## What you will do
In the material below, find the line containing "分离膜行业深度研究报告：进口替代空间大，工业应用场景广泛" and the line containing "山石網(wǎng)科云端運營中心". Output those two lines and all lines between them exactly, without pictures.

## Provided records
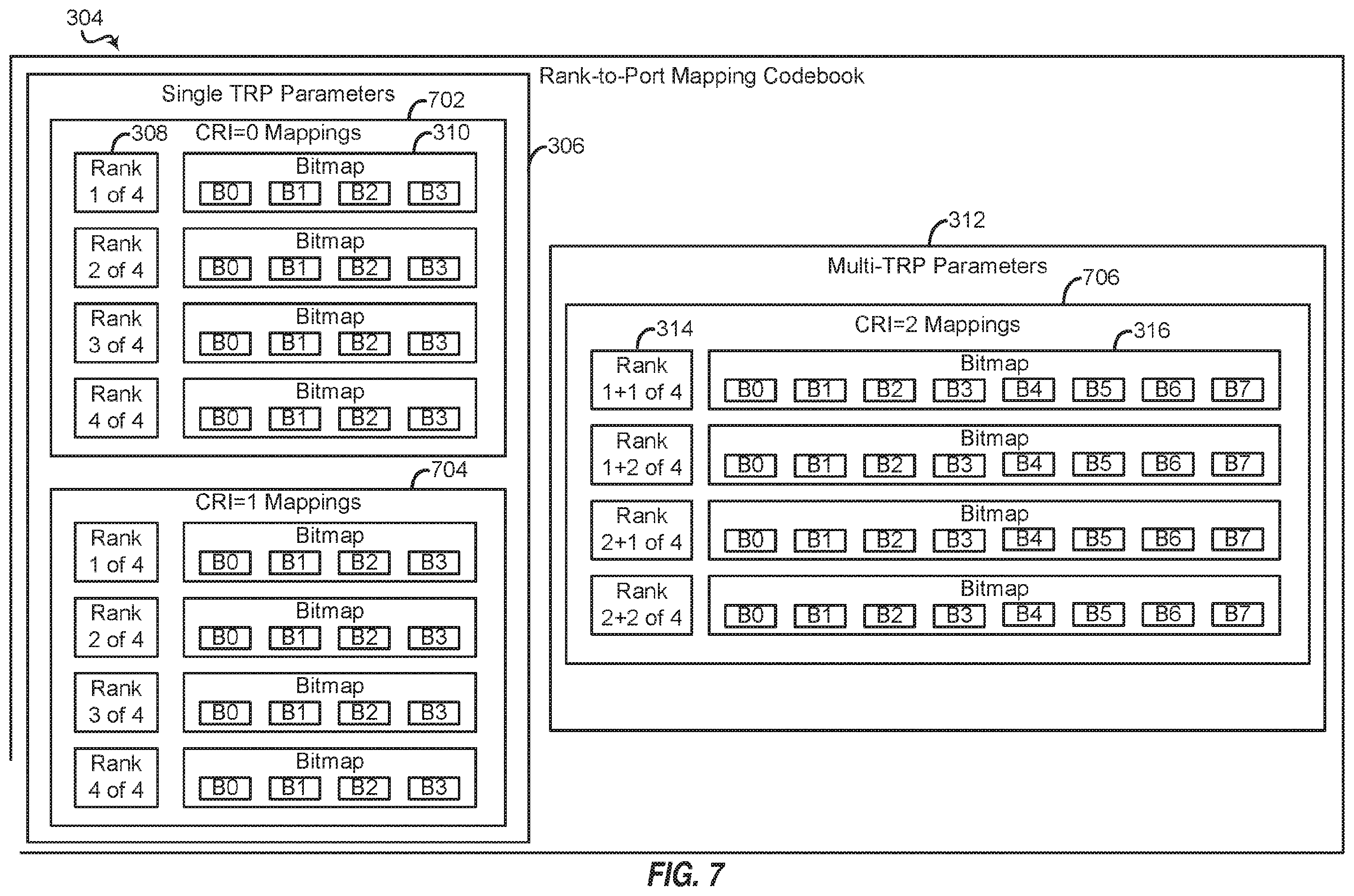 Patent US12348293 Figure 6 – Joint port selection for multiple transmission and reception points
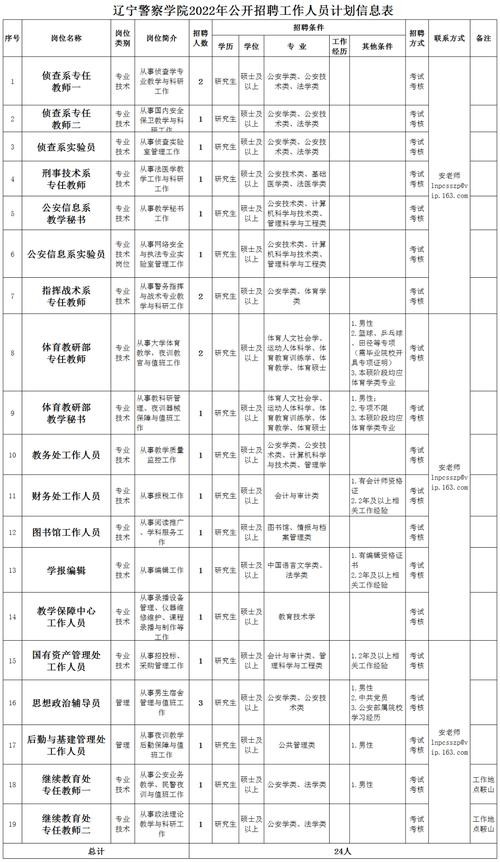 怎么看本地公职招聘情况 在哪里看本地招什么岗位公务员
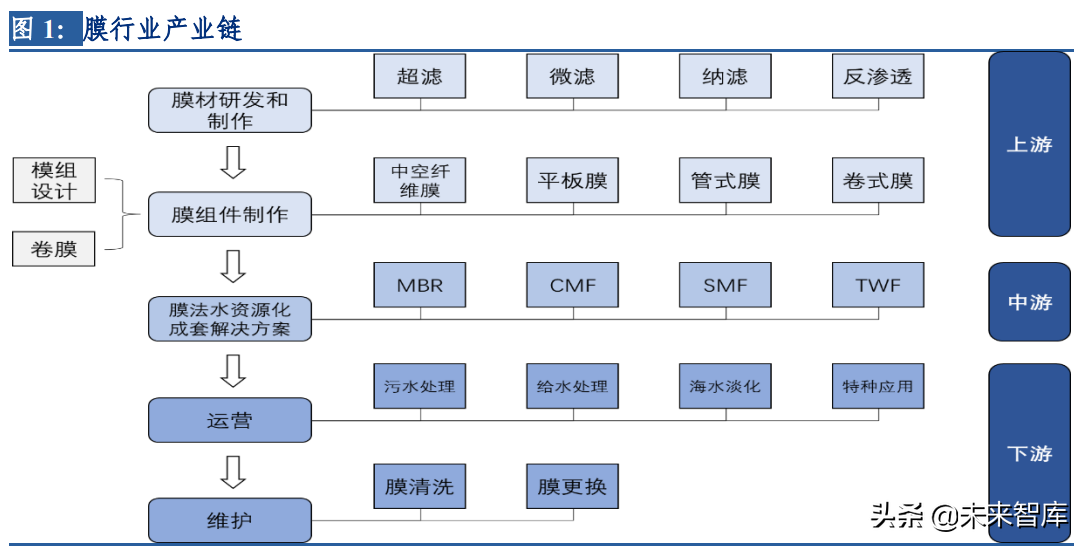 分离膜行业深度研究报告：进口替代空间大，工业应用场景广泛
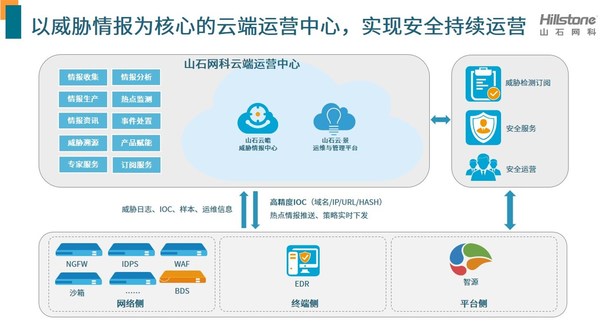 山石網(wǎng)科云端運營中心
* * *
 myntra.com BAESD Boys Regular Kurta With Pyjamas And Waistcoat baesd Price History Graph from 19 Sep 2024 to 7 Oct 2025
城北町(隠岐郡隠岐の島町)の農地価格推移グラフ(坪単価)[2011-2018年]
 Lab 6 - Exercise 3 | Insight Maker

## Answer below
 分离膜行业深度研究报告：进口替代空间大，工业应用场景广泛
 山石網(wǎng)科云端運營中心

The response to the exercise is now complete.